Histone methyltransferase KMT2C plays an oncogenic role in prostate cancer.

Abstract

Prostate cancer (PCa) is a leading cause of morbidity and mortality in males. Epigenetic modifier abnormalities are becoming a driving event in PCa. The specific role of KMT2C, a histone methyltransferase that is frequently aberrant in various tumors, is poorly understood in PCa. This study aimed to reveal the potential carcinogenic role of KMT2C in PCa. We first examined the expression levels of KMT2C in prostate cancer tissues. Then, we assessed the function of KMT2C in prostate cancer cell proliferation, colony formation, and migration. To explore the mechanism of the biological consequences, RNA-seq and CHIP-qPCR were performed. We also analyzed the effects of overexpression of the KMT2C downstream genes CLDN8 and ITGAV to reverse the effects of KMT2C on prostate cancer cells. Herein, we first confirmed KMT2C overexpression in PCa at the transcript and protein levels. Knocking down KMT2C in VCaP and LNCaP cells inhibited cell viability, colony formation, and migration. Consistently, stable KMT2C depletion effectively decreased tumor growth by approximately 70% in vivo.
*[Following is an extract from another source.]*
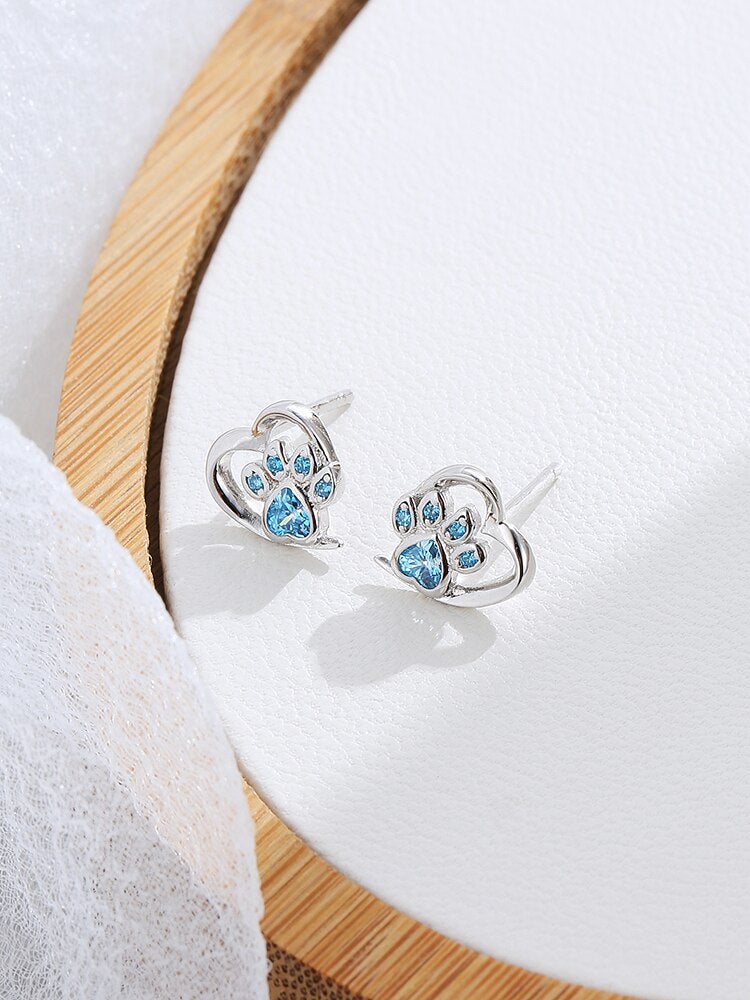 SILVERHOO Genuine Sterling Silver 925 Jewelry Animal Paw Cute Earrings For Women Heart Shape Blue CZ Cubic Zirconia Stud Earring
Mechanistically, the results suggested that CLDN8 and ITGAV are two key downstream genes of KMT2C and further regulate the MAPK/ERK and EMT pathways. Our study suggests that KMT2C plays an oncogenic role in PCa. One of the mechanisms may be the epigenetic regulation of CLDN8 and ITGAV by KMT2C to modulate tumor-signaling pathways. Therefore, KMT2C may serve as a potential therapeutic target for PCa patients.